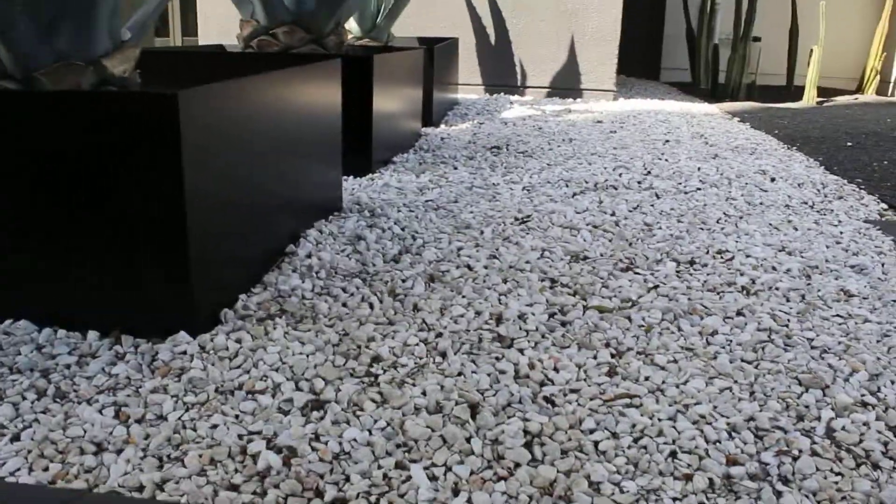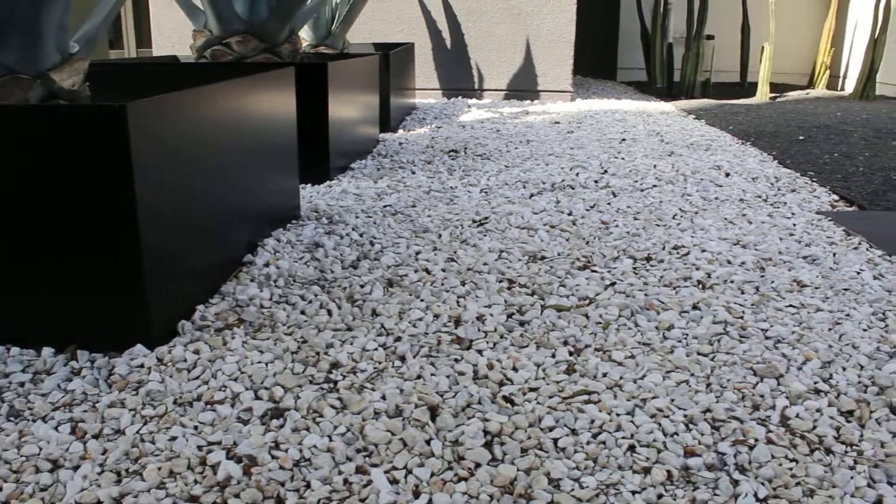There's only two types of white rock in the West that are easily available: this and Ultra White.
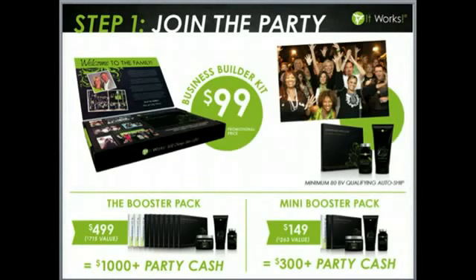Step one: join the party. We give you a three-step system to jumpstart your business, and it offers incentives. When you join the party right now, we have a promotional price on our kit for $99. You'll receive one box of wraps, marketing materials, and a website free for one month. We also offer two booster packages. If you want to be on the fast track to success, consider the $499 booster pack valued at $715. When you share each wrap in this booster package at a minimum of $25 each, you're going to receive over $1,000 in wrap cash — giving you the product you need to get launched and on the fast track.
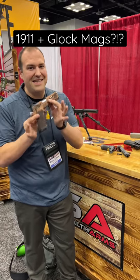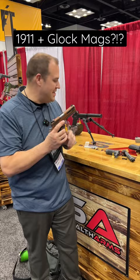You guys know that I love 1911s, and the whole time the industry's been talking about a 1911 that takes Glock mags — something everybody thought would never happen. But wait a minute...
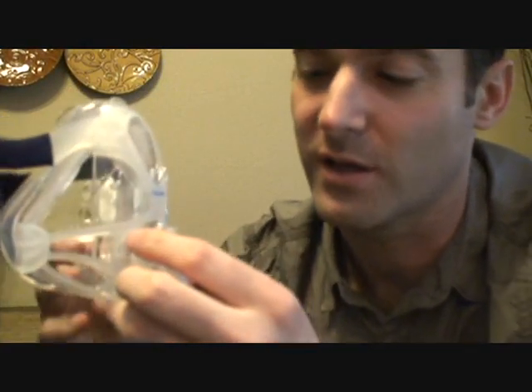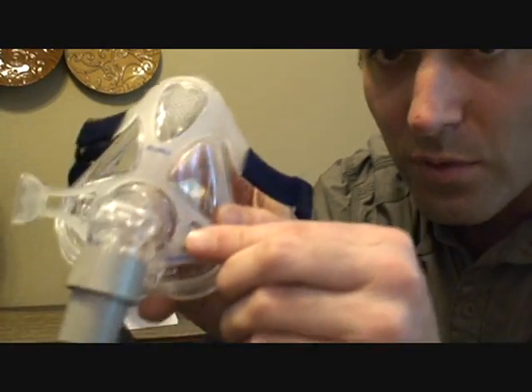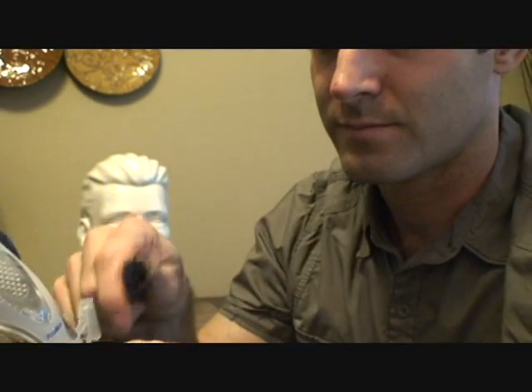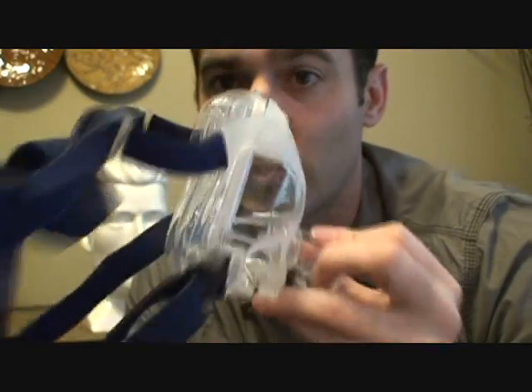Push this in until you hear some clicks — both at the same time. Then on the other side, pull this out to go around the tab. Once you hear it click into place, plug everything back in. Perfectly assembled and ready to go — one of the best full face masks in my opinion.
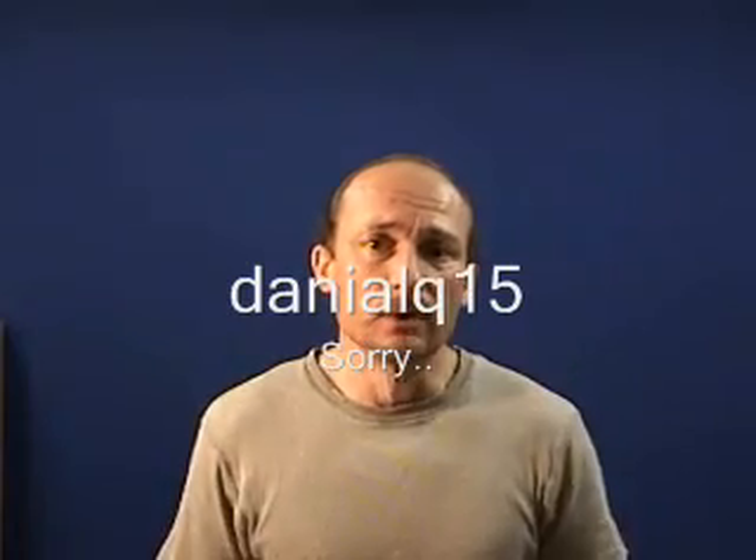One of my subscribers, Daniel Q, has been trying to get his sound to work. I connected to him using that LogMeIn remote control program, tuned his computer up a little bit, but I still couldn't get his sound to work. I figured his chip was bad, so he went out and bought a new audio card, and I made this video to show him how to install the card — put it in his computer, plug it in, and get everything all working again.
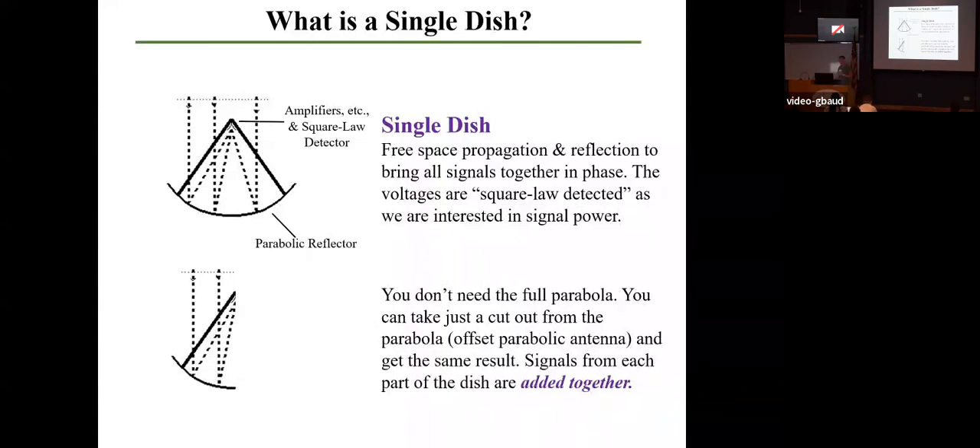The voltages for single dishes are typically square law detected. You have intensity coming in, and what you read out is the square of that intensity as a measure of the total power coming in at that specific frequency and at that specific point in the sky. But you don't need to have the full parabola to still have a single dish. The feed horn antenna on the previous slide is certainly not the bottom portion of a parabola — it's just a cutout. So you can take off part of the parabola and still have a single dish.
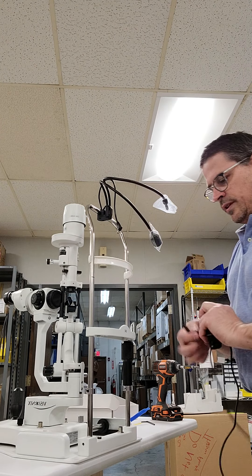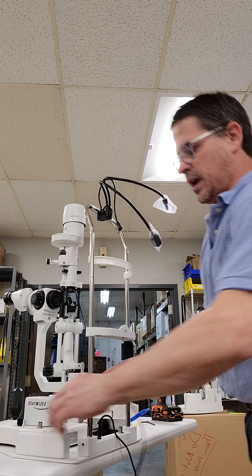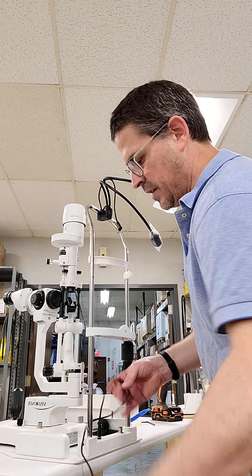You have your power cable — this is the power for the slit lamp. It goes right here in front of the chin rest. You're going to route your cable so it's out of the way of the patient. Going around this side would be best.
——————
*Assignment*
Transcribe each line above verbatim, with the pictures left out.

*Solution to the problem*
There's only two types of white rock in the West that are easily available: this and Ultra White.
Step one: join the party. We give you a three-step system to jumpstart your business, and it offers incentives. When you join the party right now, we have a promotional price on our kit for $99. You'll receive one box of wraps, marketing materials, and a website free for one month. We also offer two booster packages. If you want to be on the fast track to success, consider the $499 booster pack valued at $715. When you share each wrap in this booster package at a minimum of $25 each, you're going to receive over $1,000 in wrap cash — giving you the product you need to get launched and on the fast track.
You guys know that I love 1911s, and the whole time the industry's been talking about a 1911 that takes Glock mags — something everybody thought would never happen. But wait a minute...
Push this in until you hear some clicks — both at the same time. Then on the other side, pull this out to go around the tab. Once you hear it click into place, plug everything back in. Perfectly assembled and ready to go — one of the best full face masks in my opinion.
One of my subscribers, Daniel Q, has been trying to get his sound to work. I connected to him using that LogMeIn remote control program, tuned his computer up a little bit, but I still couldn't get his sound to work. I figured his chip was bad, so he went out and bought a new audio card, and I made this video to show him how to install the card — put it in his computer, plug it in, and get everything all working again.
The voltages for single dishes are typically square law detected. You have intensity coming in, and what you read out is the square of that intensity as a measure of the total power coming in at that specific frequency and at that specific point in the sky. But you don't need to have the full parabola to still have a single dish. The feed horn antenna on the previous slide is certainly not the bottom portion of a parabola — it's just a cutout. So you can take off part of the parabola and still have a single dish.
You have your power cable — this is the power for the slit lamp. It goes right here in front of the chin rest. You're going to route your cable so it's out of the way of the patient. Going around this side would be best.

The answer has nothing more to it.